Emptynestermum Thu 12-Apr-18 02:21:28

How brave your son is, and what a lovely mum you sound. I hope your husband comes around soon and realises this isn't his "choice" but something he has had to come to terms with himself. He is lucky to have you. x

JiminyBillyBob Thu 12-Apr-18 02:27:23

I’d tell your “D”H to get a grip or get out. But then I’d never have married a homophobe in the first place. You need to put your son first.

Weezol Thu 12-Apr-18 02:53:20

Pope Francis has had a lot to say about acceptance of gay people:

Toddlerteaplease Thu 12-Apr-18 08:25:38

Yes, I almost choked on my latte once when a Catholic Bishop friend said "Ireland has approved gay marriage, good" it was not at all what I expected him to say, as they have to tow the party line (in public anyway) but it shows not all priests are judgemental.

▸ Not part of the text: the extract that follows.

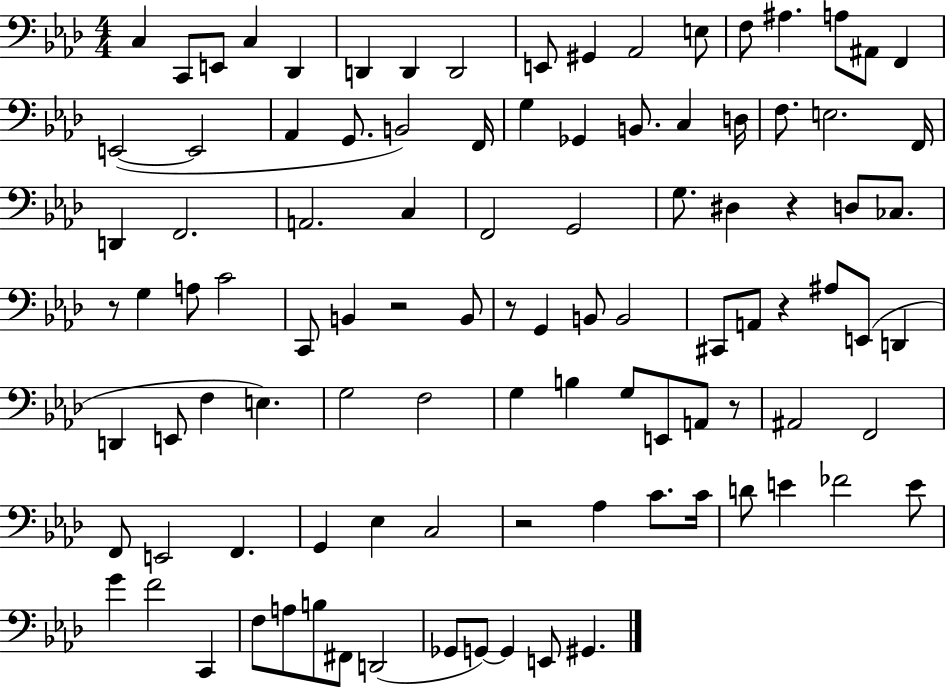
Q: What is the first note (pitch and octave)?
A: C3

Onceuponatimethen Fri 13-Apr-18 09:33:24

Many priests are of course gay themselves. I certainly know several gay men who trained as C of E vicars

Youcanttasteracism Fri 13-Apr-18 09:39:32

Grr what a bigot. You'd think he'd be able to see past the invisible man in the sky for the sake of his son.

CuboidalSlipshoddy Fri 13-Apr-18 09:46:02

You married and had children with a homophobic bigot from a family of homophobic bigots and are now surprised now that he is being a homophobic bigot? It’s a shame for your son, but unless you are planning to sacrifice him for your in laws, your marriage is over. I wonder if his catholic family prefer divorce to homosexuality?

Sundaywoman Sun 27-Jan-19 15:27:01

The same here. My son is 27 years old and came out a year ago over the phone. My husband is not religious although he was brought up by a very devout catholic woman and he is not only homophobic but also very aggressive.

My son doesn't live with us so I am the metaphorical punch bag. I try to protect my son from my husband's bad temper and horrific opinions. The problem is that my son is now in love and wants to bring his very nice young man home to meet his family.

I don't know what to do now. Either ignore the problem and hope that my husband only behaves badly with me and will spare my son and his boyfriend embarrassment, or to cut my losses and heave him after 32 years of a difficult marriage.

Sundaywoman Sun 27-Jan-19 15:39:18

I for one didn't know my husband was a homophobic bigot when I married him 32 years ago. He hasn't got problems with other gay people, just his son. Also, people change over time, and not always for the better. Is this a good reason to leave him?

I would be grateful for any advice and opinions please

Epiphany52 Sun 27-Jan-19 16:03:02

Speaking as a Catholic, from a very conservative Church, I’ll try to help a little.
Your husband is he aware that is isn’t a sin to be same sex attracted? He sounds like he is panicking and maybe grieving for the life he thought his son would have - marriage and children

Epiphany52 Sun 27-Jan-19 16:05:45

Woops, posted too soon.
Im really sorry your family is going through this difficult time.
I’ll say a prayer for you all this evening.
But the Catholic Church is very clear that 'being gay' isn’t a sin.
I hope that your son and your husband can work this out.
Maybe some support for you would be good too. Do you have Friends and Family in real life who can help?

Sundaywoman Sun 27-Jan-19 16:45:44

Thank you for answering.
Yes, I have close family but I don't want to burden them too much with all this, also I wouldn't want them to think too badly of my husband.

I suppose really, I am trying to pretend that everything is ok and hoping that it will eventually be ok, but at the same time, fearing the moment when the problem comes has to be faced and at the same time, hoping it can be avoided. I don't think it can be avoided this time though.

It is not the catholic church the problem. I said, my husband is not religious, it is society, ignorance and himself the problem. I am grateful for your prayers.